The US healthcare system is a monument to perverse incentives, unintended consequences and political inertia. It is astonishingly bad — indeed, it’s so astonishingly bad that even people who believe it’s bad don’t appreciate quite how bad it is. ... Reforming American healthcare will require an almighty effort. With politics gridlocked and soaking in lobbyist money, it’s not obvious that the US government is capable of running the kind of healthcare system that works elsewhere — even if Congress decides to try. But try it must, because the status quo is a tragedy. US healthcare is literally killing people, Tim Harford, Financial Times, 13 JulyIt's not just healthcare. Our political systems are comprised of, and help to sustain, institutions of all kinds that start out as well intended but, almost inevitably, become fossilised. They invest too much, emotionally and financially, in ways of doing things that might have been efficient at one point, but then become outdated as society and technology change. Eventually their overarching raison d'etre becomes that of self perpetuation. They become adept at resisting threats to their survival. In the private sector competition is supposed to keep businesses on their toes, but too often the smaller enterprises are smothered by big business which, with its pals in government, regulates them out of existence. Nevertheless, there are still parts of the private sector where competition does its work, and creative destruction goes on.
It's much worse in the public sector or, rather, in the provision of social and environmental services, where people have much less information and power than service providers (healthcare) or where competition otherwise cannot operate effectively. The vested interests are government bodies, trade unions, big companies or, more and more these days, NGOs and charities. All have entrenched hierarchies and ways of doing things, and tend to resist changes that threaten their existence. So we get monstrosities like US healthcare, or the EU's Common Agricultural Policy, both of whose corrupt lunacies have been well documented for decades but about which little of significance has been done.
Social Policy Bonds might be the answer. They would inject competition into the solution of our social and environmental problems. They would lead to the creation of new sorts of organisation, comprising protean coalitions whose every activity would be aimed at achieving society's goals with maximum efficiency. They would have incentives to ensure inefficient approaches would be terminated - not, as nowadays, bailed out with eye-watering sums of taxpayers' money in order to save the face of their instigators.

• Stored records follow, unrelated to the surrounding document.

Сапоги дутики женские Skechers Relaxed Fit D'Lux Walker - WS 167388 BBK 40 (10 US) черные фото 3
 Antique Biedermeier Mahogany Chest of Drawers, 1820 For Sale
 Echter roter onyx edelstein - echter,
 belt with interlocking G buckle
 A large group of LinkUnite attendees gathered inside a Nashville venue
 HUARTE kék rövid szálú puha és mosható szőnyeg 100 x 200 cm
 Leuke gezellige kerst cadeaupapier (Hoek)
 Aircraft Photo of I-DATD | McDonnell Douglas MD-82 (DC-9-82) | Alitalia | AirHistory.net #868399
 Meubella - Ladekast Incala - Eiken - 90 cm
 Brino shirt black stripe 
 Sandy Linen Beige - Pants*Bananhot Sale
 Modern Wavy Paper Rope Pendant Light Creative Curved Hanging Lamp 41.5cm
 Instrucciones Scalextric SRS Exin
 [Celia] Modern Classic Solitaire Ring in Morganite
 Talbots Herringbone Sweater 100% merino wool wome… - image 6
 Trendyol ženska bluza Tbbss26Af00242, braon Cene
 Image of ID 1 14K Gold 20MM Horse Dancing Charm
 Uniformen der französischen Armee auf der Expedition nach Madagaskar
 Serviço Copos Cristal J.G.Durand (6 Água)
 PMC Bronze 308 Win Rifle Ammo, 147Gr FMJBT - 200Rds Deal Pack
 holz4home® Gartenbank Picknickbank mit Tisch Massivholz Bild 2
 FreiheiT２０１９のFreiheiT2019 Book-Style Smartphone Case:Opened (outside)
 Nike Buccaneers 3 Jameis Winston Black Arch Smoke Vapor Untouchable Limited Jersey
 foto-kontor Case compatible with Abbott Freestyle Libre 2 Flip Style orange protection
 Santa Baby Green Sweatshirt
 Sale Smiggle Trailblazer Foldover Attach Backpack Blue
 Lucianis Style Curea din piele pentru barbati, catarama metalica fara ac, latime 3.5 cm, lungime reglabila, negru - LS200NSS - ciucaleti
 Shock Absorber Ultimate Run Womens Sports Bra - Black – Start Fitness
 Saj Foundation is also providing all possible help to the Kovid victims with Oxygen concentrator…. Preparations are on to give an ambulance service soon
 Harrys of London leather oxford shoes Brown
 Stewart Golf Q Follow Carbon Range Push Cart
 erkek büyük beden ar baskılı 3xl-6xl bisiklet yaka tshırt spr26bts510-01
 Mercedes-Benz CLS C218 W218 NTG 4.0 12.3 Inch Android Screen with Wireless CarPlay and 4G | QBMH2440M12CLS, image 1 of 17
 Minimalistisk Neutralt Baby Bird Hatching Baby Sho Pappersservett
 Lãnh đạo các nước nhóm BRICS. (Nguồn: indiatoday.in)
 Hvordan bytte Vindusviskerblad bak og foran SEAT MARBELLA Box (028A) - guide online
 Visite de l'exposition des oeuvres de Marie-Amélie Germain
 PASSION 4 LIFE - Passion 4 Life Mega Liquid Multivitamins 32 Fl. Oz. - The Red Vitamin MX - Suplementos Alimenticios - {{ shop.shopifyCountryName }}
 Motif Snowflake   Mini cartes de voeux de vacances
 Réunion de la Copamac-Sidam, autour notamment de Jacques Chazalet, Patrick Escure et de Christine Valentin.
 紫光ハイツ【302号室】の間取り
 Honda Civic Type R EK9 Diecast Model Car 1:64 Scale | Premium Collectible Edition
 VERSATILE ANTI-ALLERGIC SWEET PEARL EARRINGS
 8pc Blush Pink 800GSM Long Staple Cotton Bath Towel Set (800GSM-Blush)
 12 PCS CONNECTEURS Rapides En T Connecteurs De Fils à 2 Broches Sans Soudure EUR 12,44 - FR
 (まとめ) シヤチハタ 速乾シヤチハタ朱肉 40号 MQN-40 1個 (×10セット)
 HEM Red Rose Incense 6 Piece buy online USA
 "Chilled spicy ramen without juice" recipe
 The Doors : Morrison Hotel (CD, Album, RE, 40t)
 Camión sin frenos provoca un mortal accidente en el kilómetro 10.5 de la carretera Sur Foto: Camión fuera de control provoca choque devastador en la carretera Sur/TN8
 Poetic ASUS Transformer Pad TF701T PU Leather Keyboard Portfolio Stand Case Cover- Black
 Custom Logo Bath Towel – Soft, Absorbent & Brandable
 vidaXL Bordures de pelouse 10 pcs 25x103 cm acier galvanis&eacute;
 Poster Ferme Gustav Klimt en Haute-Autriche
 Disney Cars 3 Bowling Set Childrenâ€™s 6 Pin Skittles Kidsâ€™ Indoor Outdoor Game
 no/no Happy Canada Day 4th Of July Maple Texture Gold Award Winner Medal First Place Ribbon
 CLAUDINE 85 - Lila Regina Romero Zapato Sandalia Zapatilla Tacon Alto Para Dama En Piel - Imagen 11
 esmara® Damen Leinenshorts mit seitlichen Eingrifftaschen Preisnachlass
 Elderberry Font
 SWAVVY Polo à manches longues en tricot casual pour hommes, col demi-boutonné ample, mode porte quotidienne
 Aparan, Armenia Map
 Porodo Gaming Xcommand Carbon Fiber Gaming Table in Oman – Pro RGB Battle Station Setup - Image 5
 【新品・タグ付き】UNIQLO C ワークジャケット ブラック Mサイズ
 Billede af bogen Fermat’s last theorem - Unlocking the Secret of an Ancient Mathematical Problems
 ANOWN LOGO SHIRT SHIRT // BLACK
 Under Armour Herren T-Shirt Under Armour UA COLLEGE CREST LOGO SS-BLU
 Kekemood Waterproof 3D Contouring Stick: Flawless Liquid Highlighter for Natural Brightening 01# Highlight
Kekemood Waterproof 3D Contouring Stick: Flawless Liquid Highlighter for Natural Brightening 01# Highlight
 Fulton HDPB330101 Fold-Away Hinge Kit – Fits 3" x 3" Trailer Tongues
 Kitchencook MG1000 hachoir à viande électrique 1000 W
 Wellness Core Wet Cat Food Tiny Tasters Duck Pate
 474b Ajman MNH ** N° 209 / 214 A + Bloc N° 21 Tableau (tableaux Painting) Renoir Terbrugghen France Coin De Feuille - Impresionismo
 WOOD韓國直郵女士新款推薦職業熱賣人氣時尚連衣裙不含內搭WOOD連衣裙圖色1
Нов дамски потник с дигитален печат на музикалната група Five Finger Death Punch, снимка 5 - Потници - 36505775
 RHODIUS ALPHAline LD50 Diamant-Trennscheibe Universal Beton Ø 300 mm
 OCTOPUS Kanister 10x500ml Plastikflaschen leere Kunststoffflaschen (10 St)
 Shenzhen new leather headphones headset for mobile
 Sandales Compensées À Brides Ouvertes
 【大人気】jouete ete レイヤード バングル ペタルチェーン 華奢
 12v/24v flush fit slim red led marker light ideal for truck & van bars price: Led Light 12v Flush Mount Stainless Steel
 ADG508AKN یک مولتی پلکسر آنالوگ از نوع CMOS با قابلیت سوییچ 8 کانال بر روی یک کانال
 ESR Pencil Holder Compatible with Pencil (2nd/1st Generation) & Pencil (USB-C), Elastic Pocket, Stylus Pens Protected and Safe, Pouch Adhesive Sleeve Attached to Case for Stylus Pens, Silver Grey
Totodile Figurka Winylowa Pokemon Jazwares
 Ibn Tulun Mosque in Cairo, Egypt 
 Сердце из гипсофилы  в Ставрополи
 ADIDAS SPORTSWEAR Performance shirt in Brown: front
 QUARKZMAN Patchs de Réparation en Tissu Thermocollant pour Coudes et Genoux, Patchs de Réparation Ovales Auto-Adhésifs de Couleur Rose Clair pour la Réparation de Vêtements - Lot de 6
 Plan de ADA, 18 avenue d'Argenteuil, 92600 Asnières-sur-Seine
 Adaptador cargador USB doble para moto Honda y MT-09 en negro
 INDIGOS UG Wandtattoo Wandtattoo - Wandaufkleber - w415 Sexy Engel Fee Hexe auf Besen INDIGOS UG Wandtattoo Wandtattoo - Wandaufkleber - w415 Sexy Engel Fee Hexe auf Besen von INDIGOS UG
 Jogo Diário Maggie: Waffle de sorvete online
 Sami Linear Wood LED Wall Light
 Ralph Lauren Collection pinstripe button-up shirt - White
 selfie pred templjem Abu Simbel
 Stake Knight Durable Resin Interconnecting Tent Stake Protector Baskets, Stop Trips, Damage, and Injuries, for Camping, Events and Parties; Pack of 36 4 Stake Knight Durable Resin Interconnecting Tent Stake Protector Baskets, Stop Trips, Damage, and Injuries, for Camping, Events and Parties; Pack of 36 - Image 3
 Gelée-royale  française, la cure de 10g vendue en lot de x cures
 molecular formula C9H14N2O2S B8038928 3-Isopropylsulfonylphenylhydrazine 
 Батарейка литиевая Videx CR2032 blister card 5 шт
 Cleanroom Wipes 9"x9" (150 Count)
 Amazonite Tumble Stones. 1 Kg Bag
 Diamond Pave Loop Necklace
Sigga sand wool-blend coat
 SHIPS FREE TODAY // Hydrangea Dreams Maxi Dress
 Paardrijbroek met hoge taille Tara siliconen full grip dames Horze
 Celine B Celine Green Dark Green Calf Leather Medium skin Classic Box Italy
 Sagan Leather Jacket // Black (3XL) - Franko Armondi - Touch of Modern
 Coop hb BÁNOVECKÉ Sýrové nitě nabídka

To focus on health specifically: we need to reward the achievement of successful health outcomes, which, for a country, should be a combination of variables, each of which will have to fall into a specified range before the targeted outcome can be deemed achieved. The variables would be likely to include: longevity, Quality Adjusted Life Years, infant mortality and other objective data. Consider how far removed are the incentives in current healthcare systems - not only in the US - from rewarding good health. Today's incentives are, essentially, to screen, test and intervene - whether or not the intervening does any good at all. There's more about the application of the Social Policy Bond concept to health here.
More generally, a bond regime would undermine the powerful institutions in the public- or private sector, whose existence is predicated on blocking reform. To give these bodies time to reform, and to shift their goal from self-perpetuation to serving the public, the bonds could be phased in over time, as I describe in chapter 4 of my book (all chapters downloadable free of charge here). Social Policy Bonds, at first sight, seem a radical, even zany, approach to the solution of the problems that we face. The question, though, is whether there's anything better. In health, the environment, nuclear proliferation, violence in poor countries, to take obvious examples, the challenges are huge and urgent, and it would doubtless be difficult to overcome the obstacles to progress. But, as Mr Harford would say: try we must, because the status quo is a tragedy.